Il faut dire que, dans mon école, je tenais absolument à mélanger toujours plusieurs enfants à haut potentiel avec des enfants dits normaux dans une même classe. Il est en effet très important pour ces enfants d’apprendre à vivre avec les autres car ils doivent s’adapter à tous et doivent se mesurer à l’école avec toute la diversité de la société.
Philippe a maintenant 12 ans. Il poursuit tranquillement sa scolarité sans trop se fatiguer, très heureux et confiant, gardant toujours sa soif d’apprendre sur tous les sujets, ceci jusqu’en milieu de 4ème où les professeurs et moi-même sentîmes qu’il ne semblait plus donner le meilleur de lui-même..
Je demande un rendez-vous à ses parents afin de voir avec eux ce qui pourrait le stimuler à nouveau dans ses études. Je leur propose de passer directement Philippe en 3ème puisqu’il est suffisamment mûr pour comprendre la littérature.
J’insiste néanmoins sur le fait qu’il devra rattraper le programme de mathématiques afin de ne pas avoir de lacunes. Il aurait donc alors 2 ans d’avance. Après en avoir parlé avec lui, nous décidons de le passer en 3ème en cours d’année. Il suit alors sans problème, toujours sans travailler énormément, en étant le meilleur de la classe.
Arrive le Bac. Philippe choisit la série S – spécialité Sciences et Vie de la Terre, bien sûr – avec chinois en option. Il réussit facilement l’examen avec une mention assez bien (13,31) et se retrouve alors à 15 ans avec le bac S en poche. Que faire ?
J’envisage plusieurs solutions avec Philippe et ses parents : il pourrait partir à l’étranger apprendre des langues, mais il parle déjà couramment anglais et espagnol et il est vraiment très jeune pour partir seul.

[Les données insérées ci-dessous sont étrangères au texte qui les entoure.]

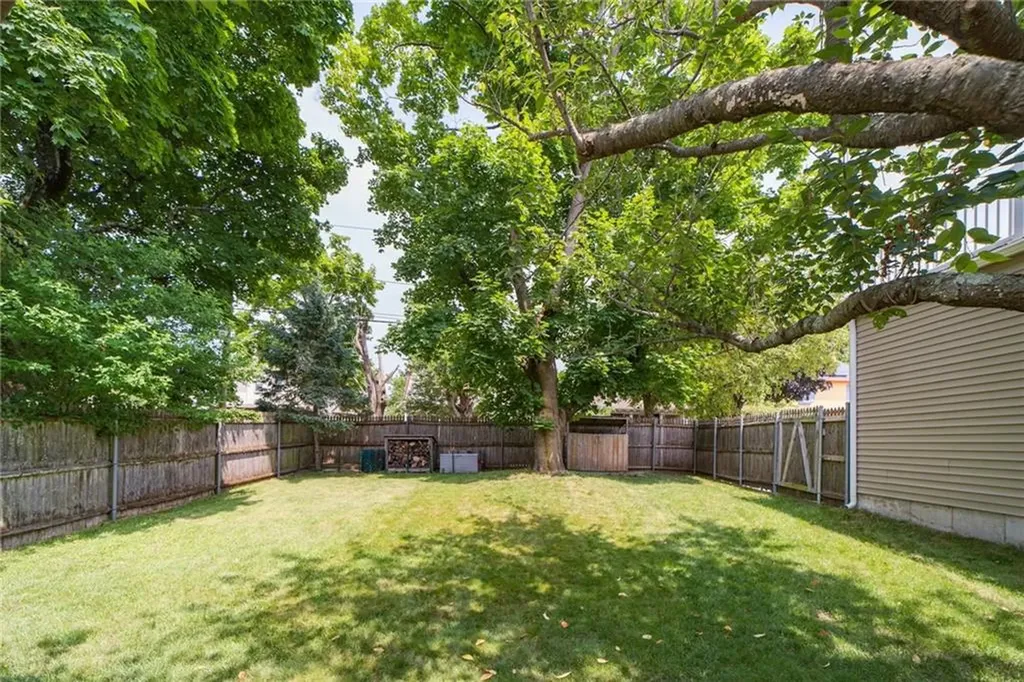 49 Berwick Lane Cranston RI 02905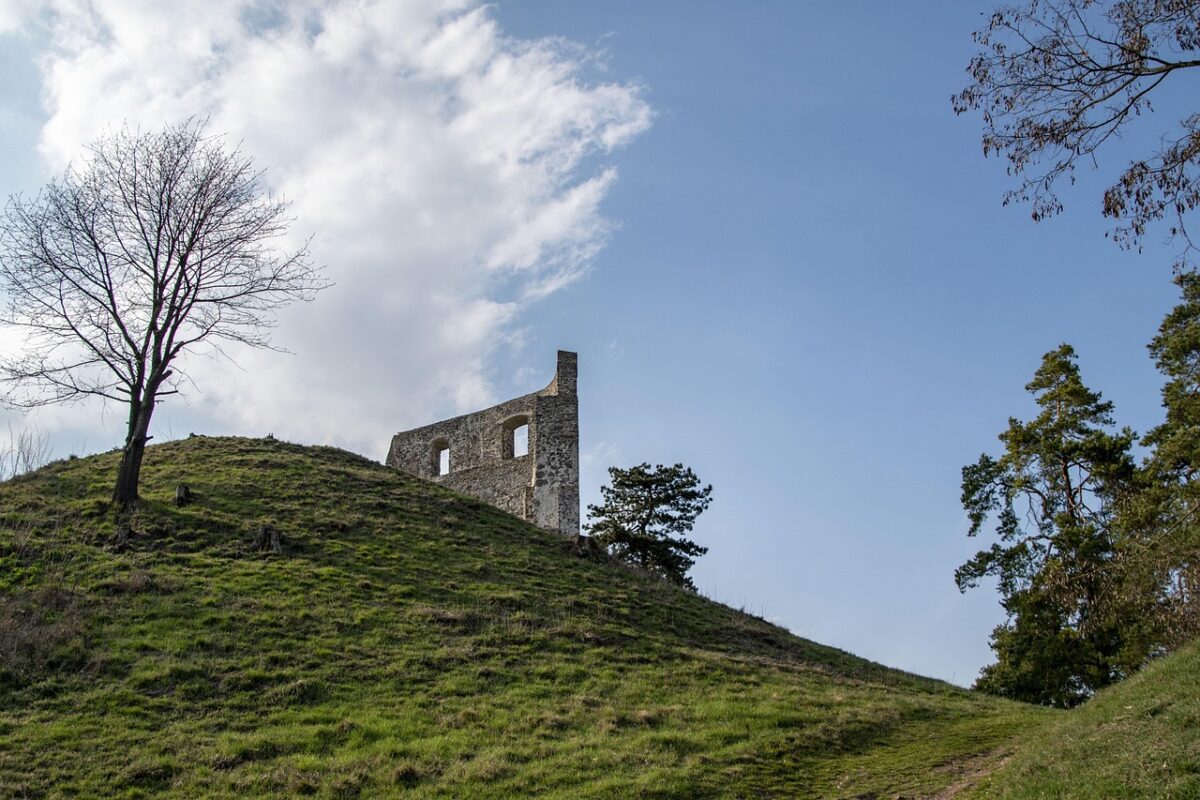 building-4100701_1280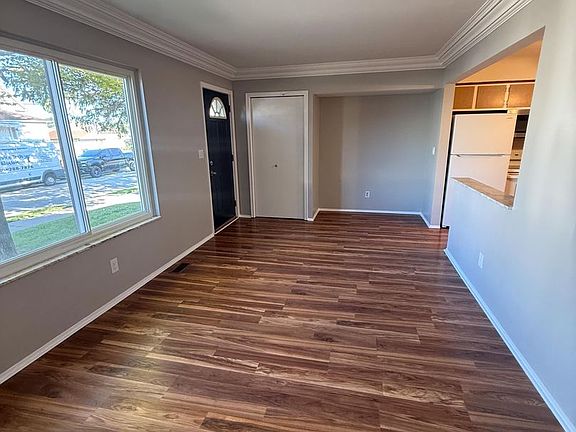 5th image of 931 3rd St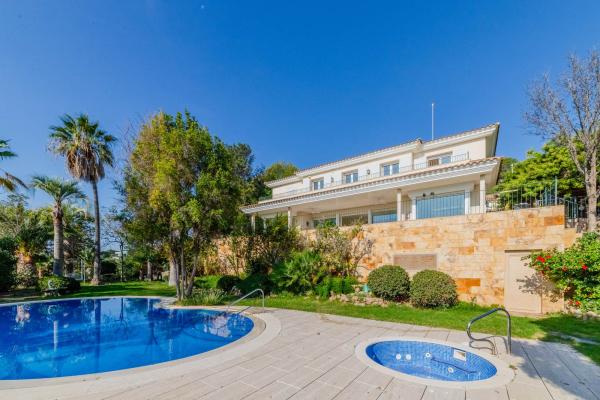 Luxury Villa for Sale in Sitges with Sea Views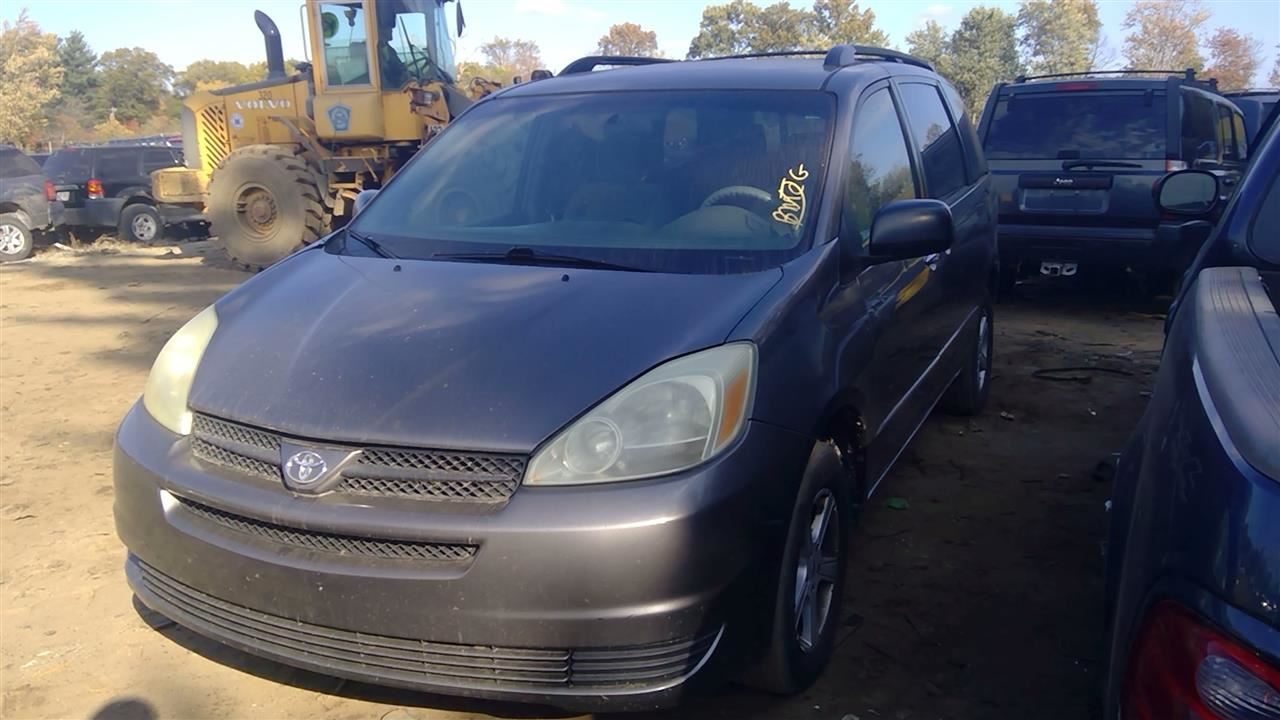 2004 TOYOTA Sienna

Il pourrait commencer ses études supérieures mais il semble manquer de maturité pour affronter ce nouveau monde et cela lui fait peur. Je propose donc à ses parents de lui faire préparer un deuxième bac dans une autre section. Cela lui permettra de prendre un an de maturité, de connaître une autre matière très importante, l’économie, et de s’améliorer encore en langues afin de préparer d’autres examens de type Proficency de Cambridge, niveau intermédiaire de l’Institut Cervantès, Toefl, etc…

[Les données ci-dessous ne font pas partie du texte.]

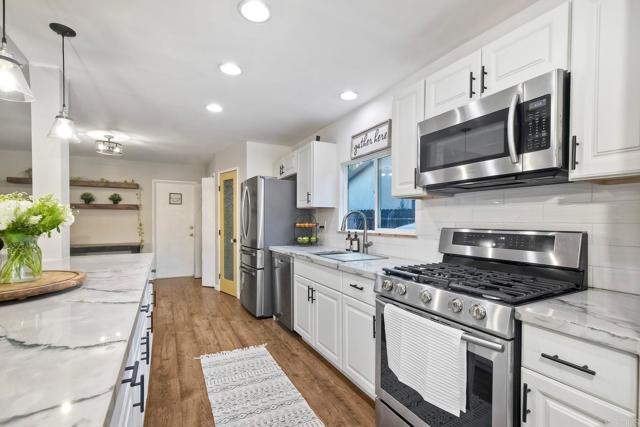 Detail Gallery Image 10 of 44 For 1151 Sander Ct, Escondido,  CA 92026 - 3 Beds | 2 Baths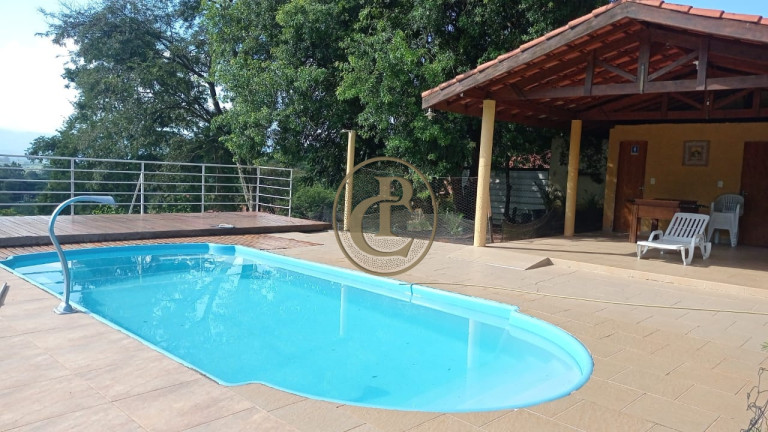 Imagem Chácara com 3 Quartos à Venda, 300 m² em Caçapava Velha - Caçapava Imagem Chácara com 3 Quartos à Venda, 300 m² em Caçapava Velha - Caçapava
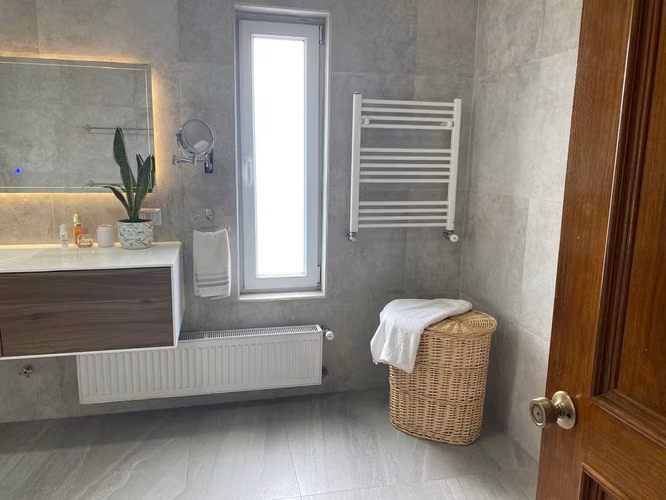 Amplia casa 5D,4B, piscina, 8 estacionam (149904)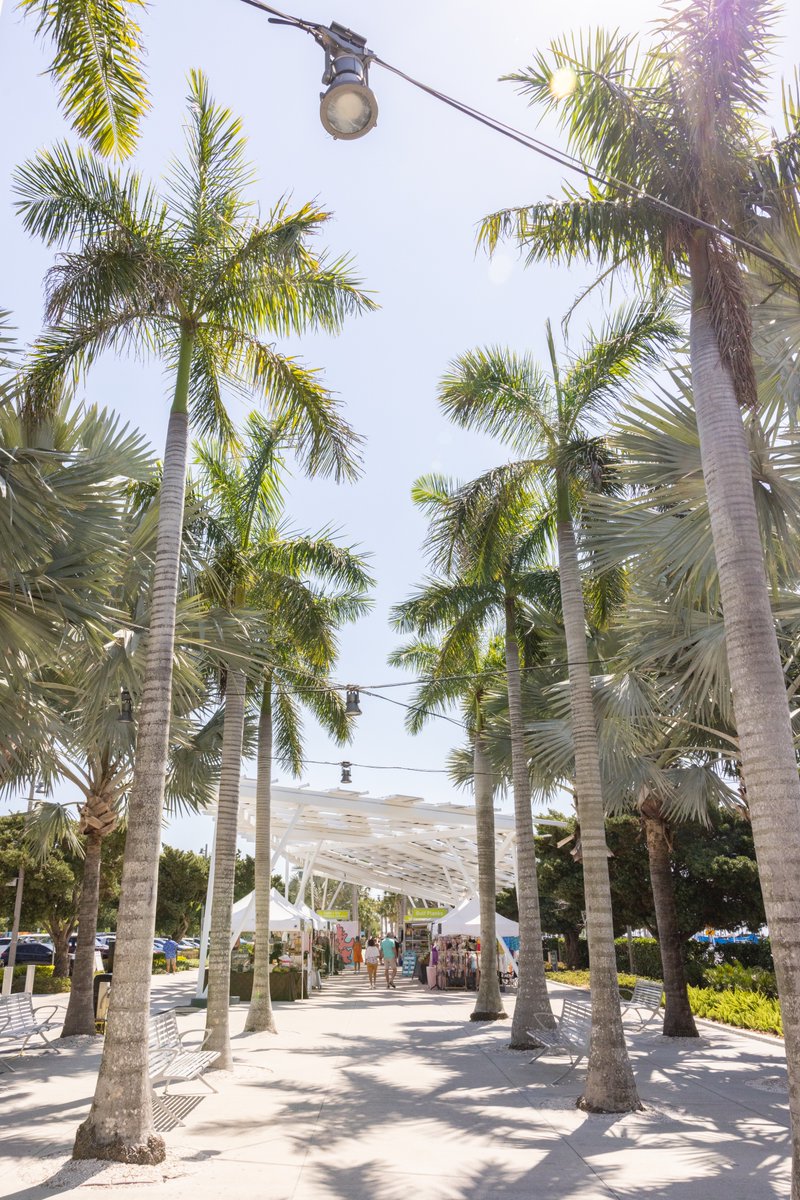 StPetePier's tweet photo. There’s an all-local marketplace right on the St. Pete Pier! 🛍️

Explore handcrafted goods, permanent jewelry, unique fashion &amp; more.

🕙 Friday–Sunday | 10AM–6PM
#StPetePier #ShopLocal https://t.co/STJQyVu8if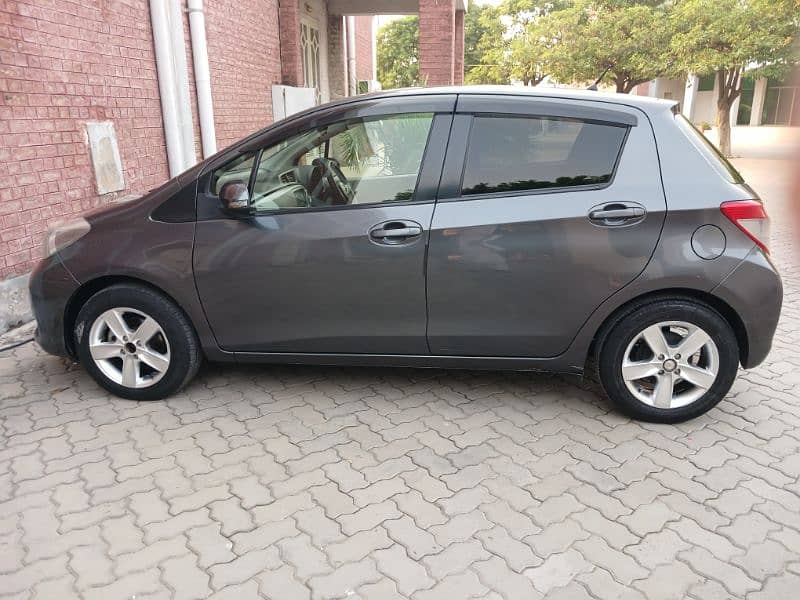 Toyota Vitz 2013 0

Ses parents décident en accord avec lui qu’il fera une autre terminale spécialité Economique et Sociale. Il passera aussi des examens variés car il adore cela. Il passe donc une année exceptionnelle au cours de laquelle il continue à s’intéresser à tout, prend beaucoup de maturité, et se sent finalement prêt pour envisager d’intégrer les études supérieures.
Il réussit son bac ES avec mention très bien. Nous l’aidons à présenter un dossier pour entrée en prépa économique dans un lycée prestigieux et un autre dossier pour l’université Paris Dauphine.
Il est accepté dans les deux mais son choix se porte vers Dauphine. En effet, il préfère acquérir une licence de gestion puis tenter le concours d’entrée en deuxième année dans les meilleures écoles de commerce.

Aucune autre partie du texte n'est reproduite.